▸ **PROBLEM STATEMENT**:
Leaving out all pictures, write down exactly the lines from the one containing "2JZB505 Rhode Island License Plate" through the last line of the material.

▸ **RECORDS**:

Start of Block

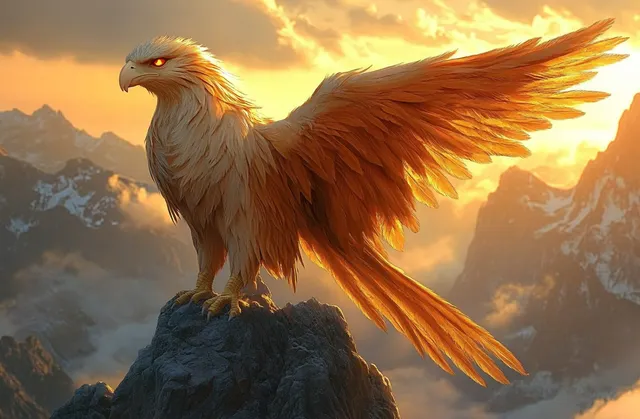 Majestic eagle with fiery glowing eyes perched on rocky peak at golden sunset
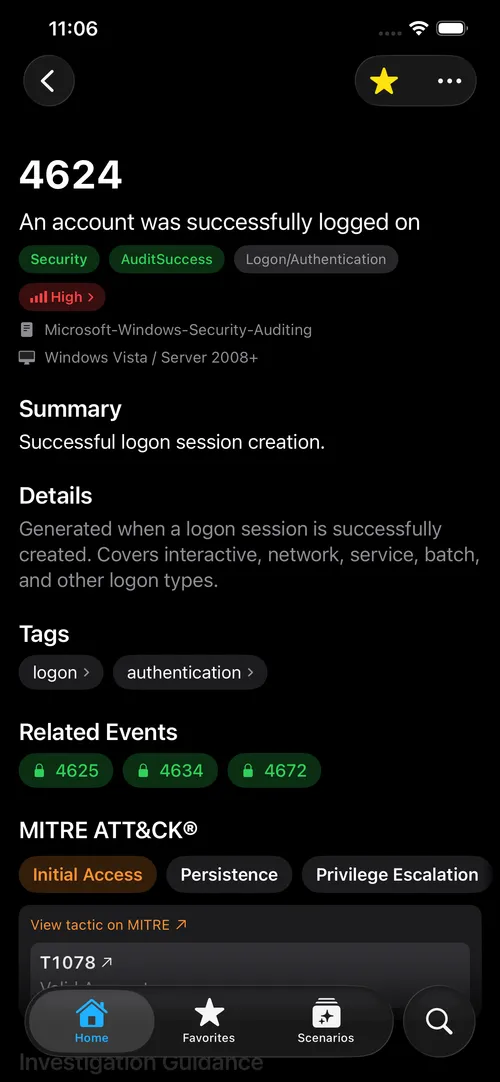The detailed view for a single Event ID, showing details, MITRE ATT&CK mappings, and investigation pivots.
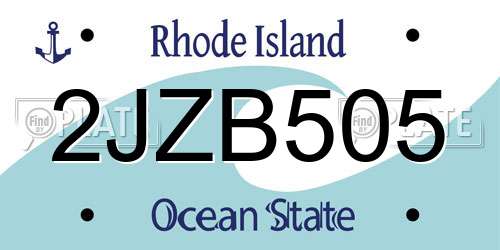 2JZB505 Rhode Island License Plate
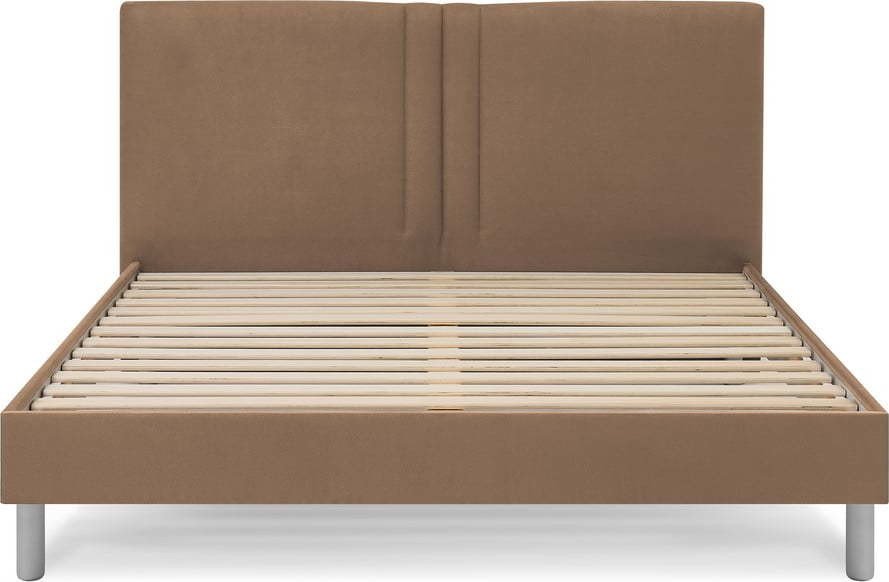 Světle hnědá čalouněná dvoulůžková postel s roštem 160x200 cm Kerry - Bobochic Paris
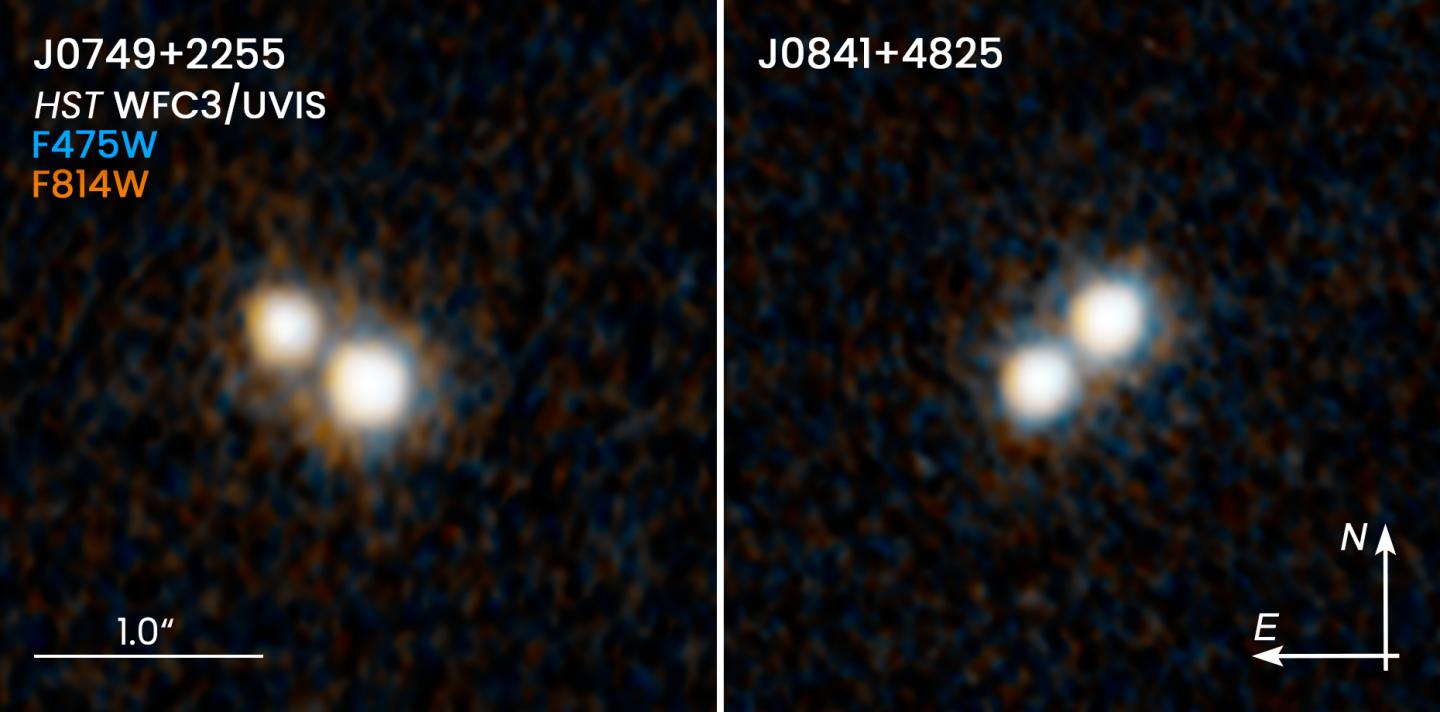 Hubble Image of Two Pairs of Quasars
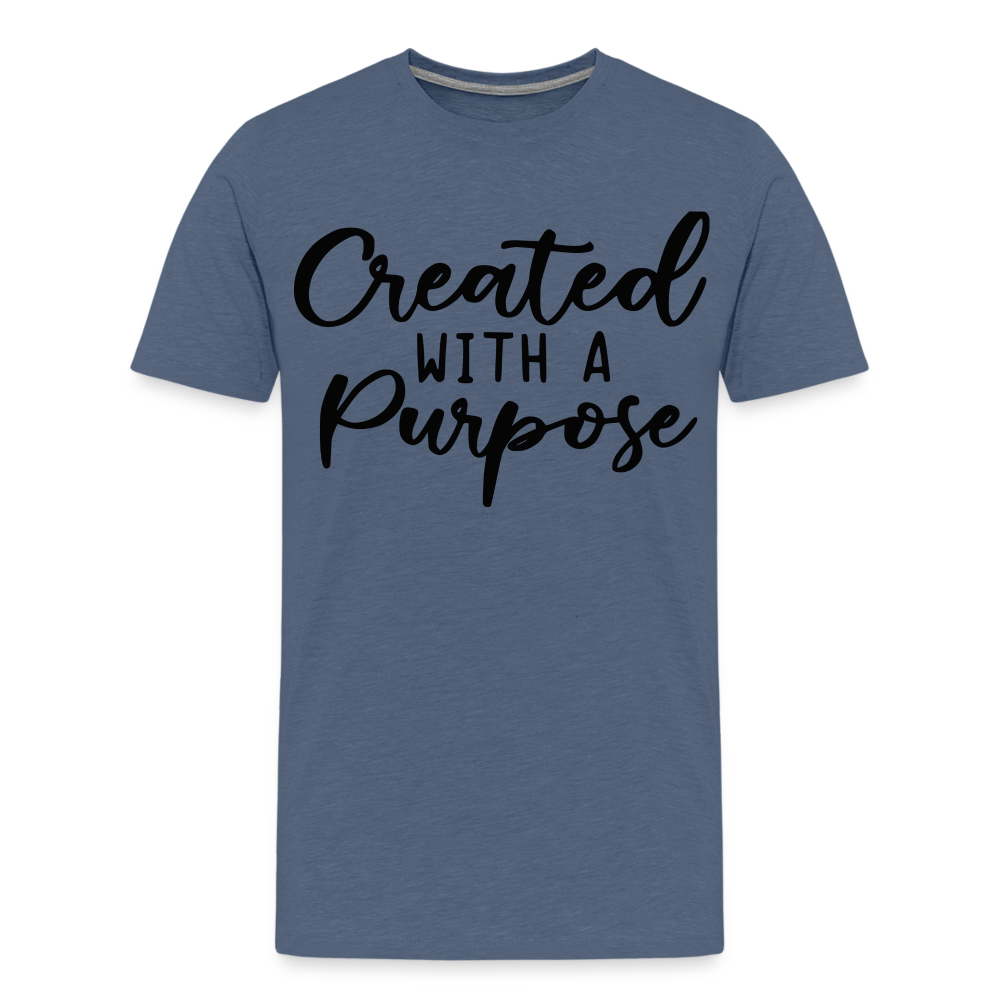 "Created With A Purpose" T-Shirt - heather blue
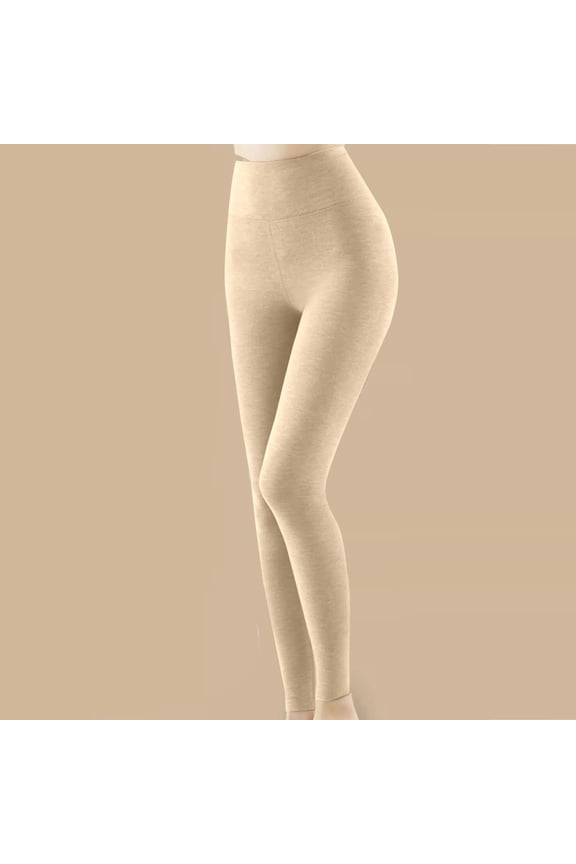 Women's Cropped Leggings, Solid Color Slim Fitness, Thermal Insulation for Fall Winter Daily Use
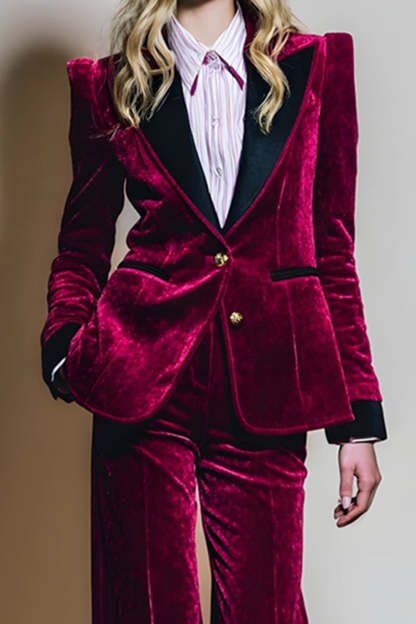 Burgundy Velvet 2 Piece Peak Lapel Long Sleeves Prom Suits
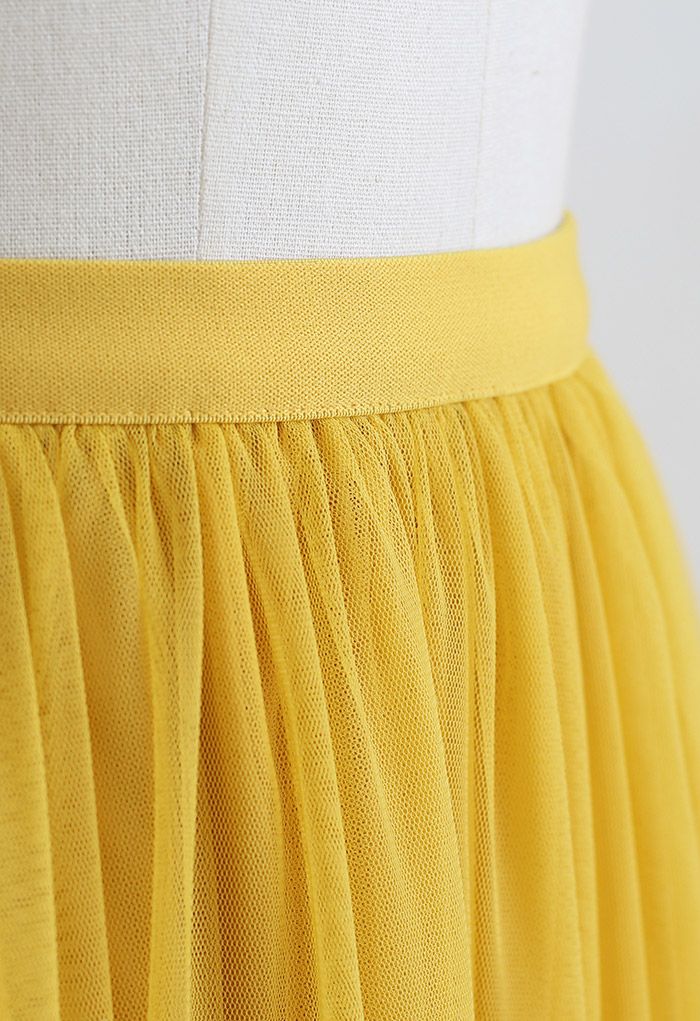 Je ne peux pas lacher prise Maille Tulle Jupe en Jaune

End of Block

▸ **WRITTEN ANSWER**:
 2JZB505 Rhode Island License Plate
 Světle hnědá čalouněná dvoulůžková postel s roštem 160x200 cm Kerry - Bobochic Paris
 Hubble Image of Two Pairs of Quasars
 "Created With A Purpose" T-Shirt - heather blue
 Women's Cropped Leggings, Solid Color Slim Fitness, Thermal Insulation for Fall Winter Daily Use
 Burgundy Velvet 2 Piece Peak Lapel Long Sleeves Prom Suits
 Je ne peux pas lacher prise Maille Tulle Jupe en Jaune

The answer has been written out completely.